Kini Pesawat Tidak Bisa Angkut Penumpang 100 Persen

Posted by

idntoday Kini Pesawat Tidak Bisa Angkut Penumpang 100 Persen. Kementerian Perhubungan (Kemenhub) menghapus aturan batasan jumlah penumpang sebesar 50 persen dari total kapasitas angkut.

Melalui Peraturan Menteri Perhubungan (Permenhub) Nomor 41 Tahun 2020, Kemenhub mengubah aturan mengenai jumlah penumpang yang tadinya dibatasi sebesar 50 persen kapasitas pesawat.

Aturan itu tertuang dalam Permenhub Nomor 18 Tahun 2020 tentang Pengendalian Transportasi Dalam Rangka Pencegahan Penyebaran Corona Virus Disease 2019 (Covid-19), menjadi tak diatur secara spesifik dalam aturan baru.

“Misalnya dalam PM 18 kapasitas penumpang pesawat maksimal 50 persen namun sekarang ada kemajuan yang berarti dalam menjaga protokol kesehatan melalui diskusi yang panjang dari INACA, para airline, dan gugus tugas dan kemenkes,” kata Menteri Perhubungan Budi Karya Sumadi dalam konferensi pers virtual, Selasa (9/6/20).
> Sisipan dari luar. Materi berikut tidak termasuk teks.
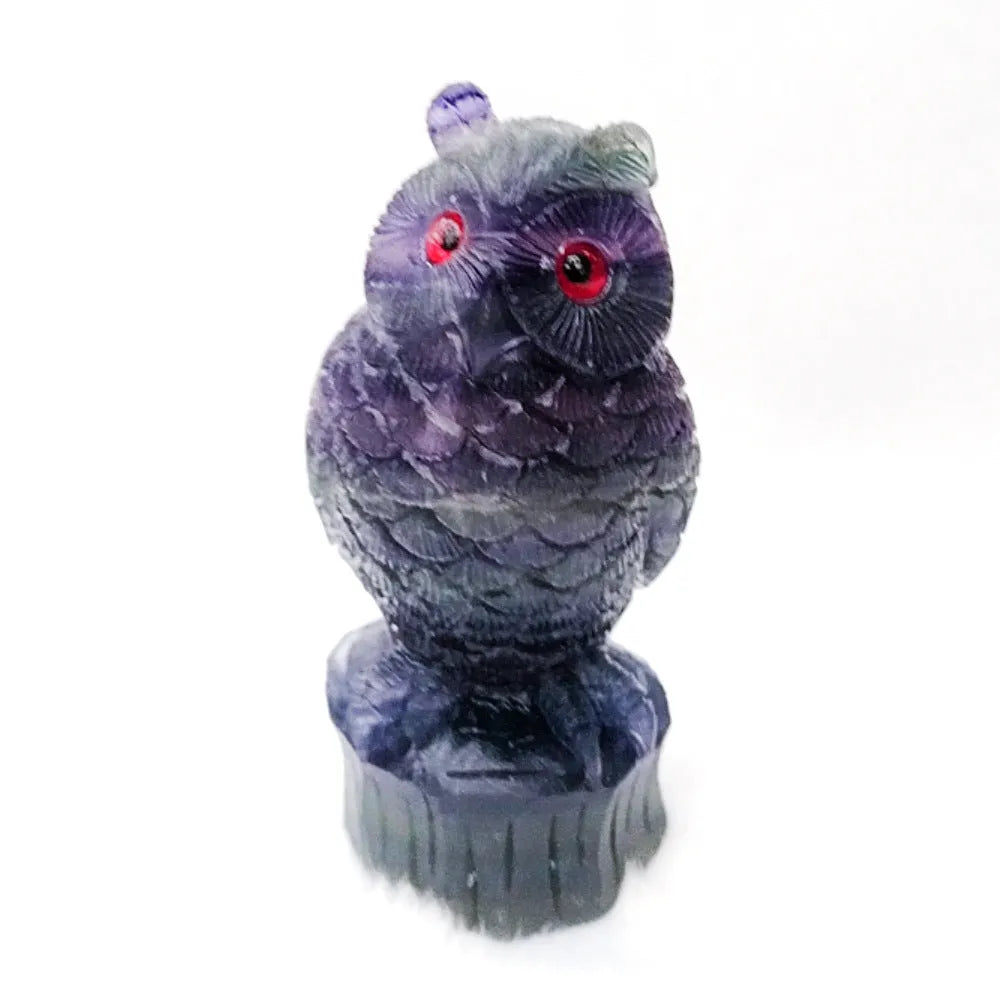 Purple fluorite carved owl ornament measuring approximately 4 inches tall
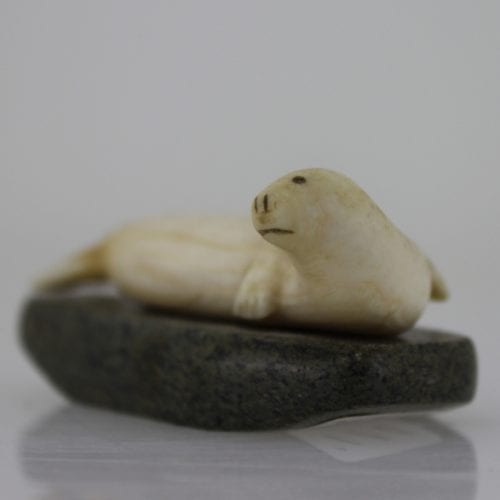 Ivory seal on stone base by unknown Inuit artist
Aturan lebih detail mengenai operasional transportasi udara termuat dalam Surat Edaran (SE) Dirjen Perhubungan Udara No 13 Tahun 2020.

Kini Pesawat Tidak Bisa Angkut Penumpang 100 Persen

Dirjen Perhubungan Udara Kemenhub Novie Riyanto mengungkapkan, pesawat bisa mengangkut penumpang berkisar antara 70-100 persen dari kepasitas angkut. Namun hal ini tergantung jenis armadanya.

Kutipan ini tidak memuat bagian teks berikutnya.